======== Given material ========

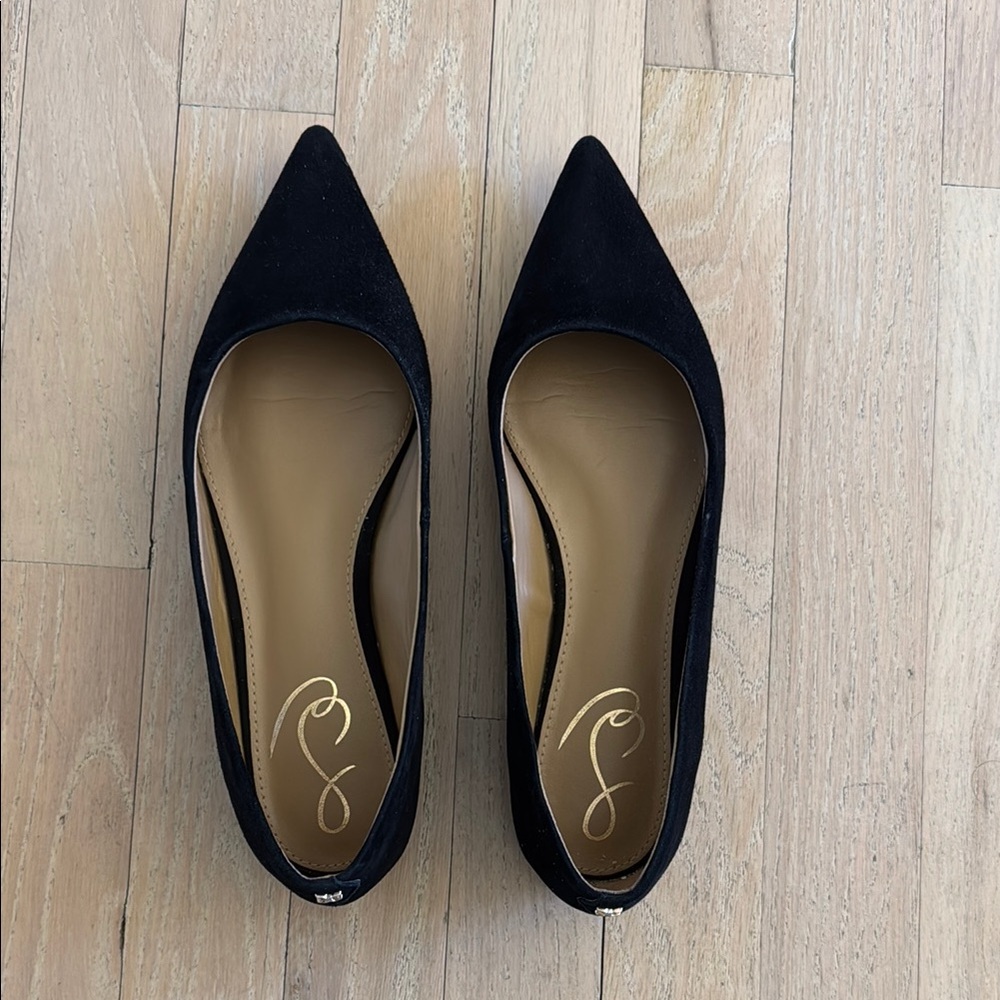 Sam Edelman Black Suede Flats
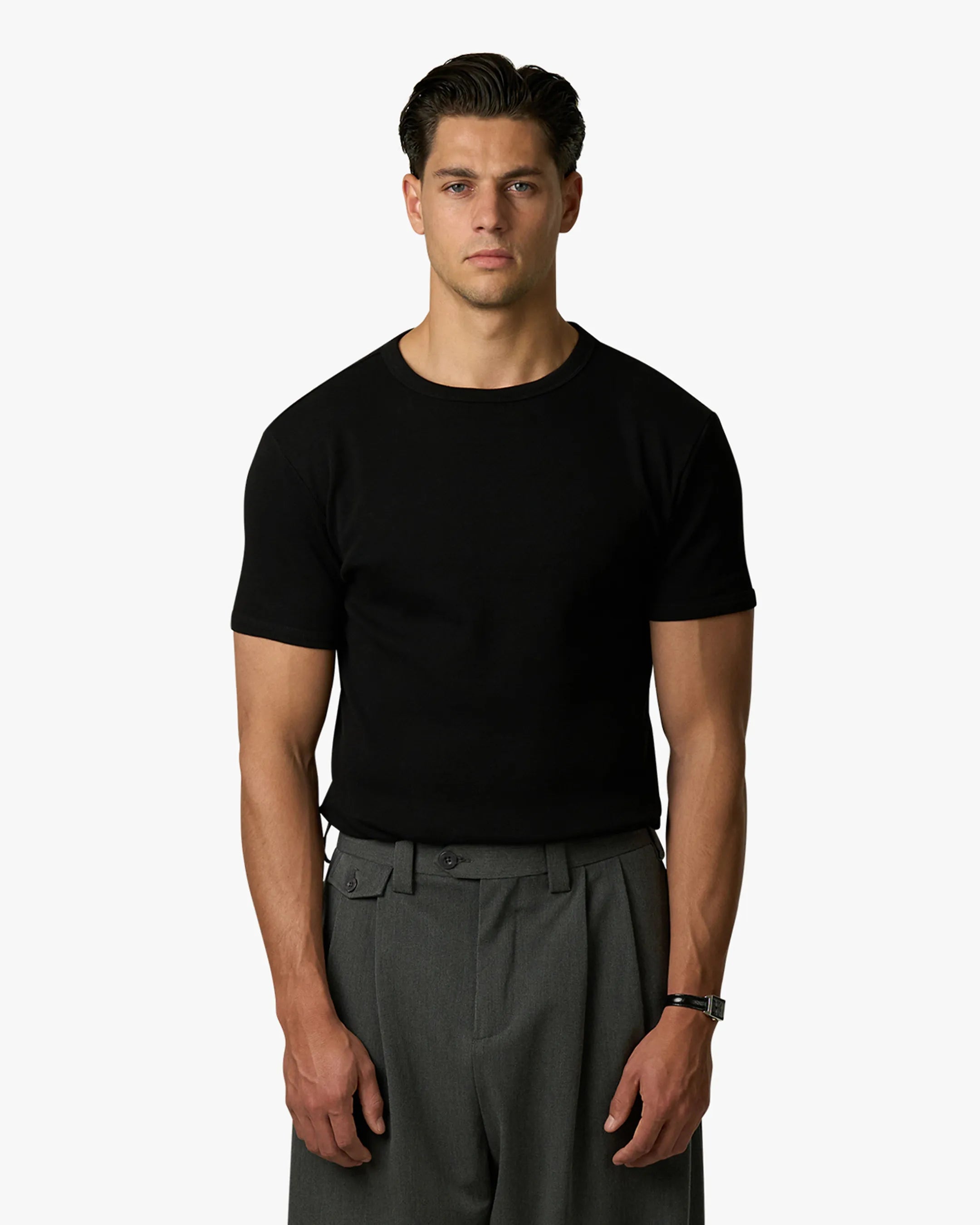 T-shirt côtelé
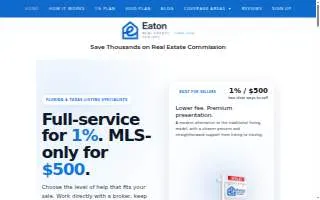 Stephen Eaton Licensed Real Estate Broker website
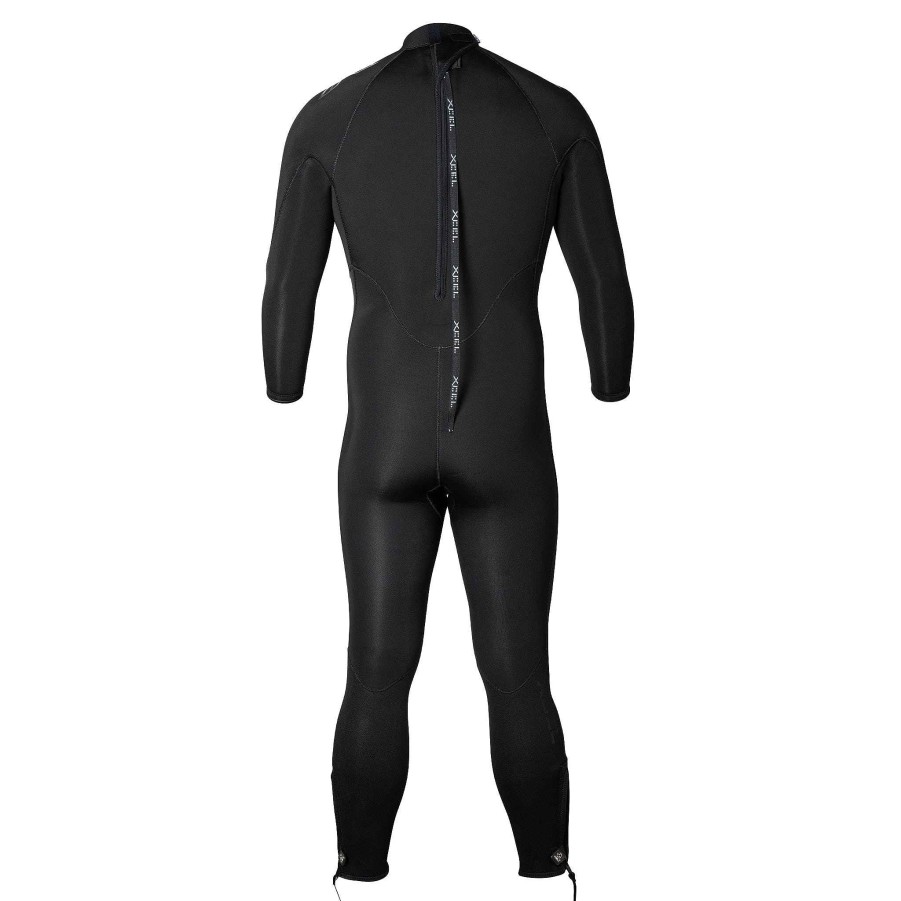 Men'S Xcel Tactical Wetsuits | Military Thermoflex Fullsuit 7/6Mm Black With Stealth Logos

========

#### Required action:
Leave the pictures out and restate the listing word for word.

#### Response:
 Sam Edelman Black Suede Flats
 T-shirt côtelé
 Stephen Eaton Licensed Real Estate Broker website
 Men'S Xcel Tactical Wetsuits | Military Thermoflex Fullsuit 7/6Mm Black With Stealth Logos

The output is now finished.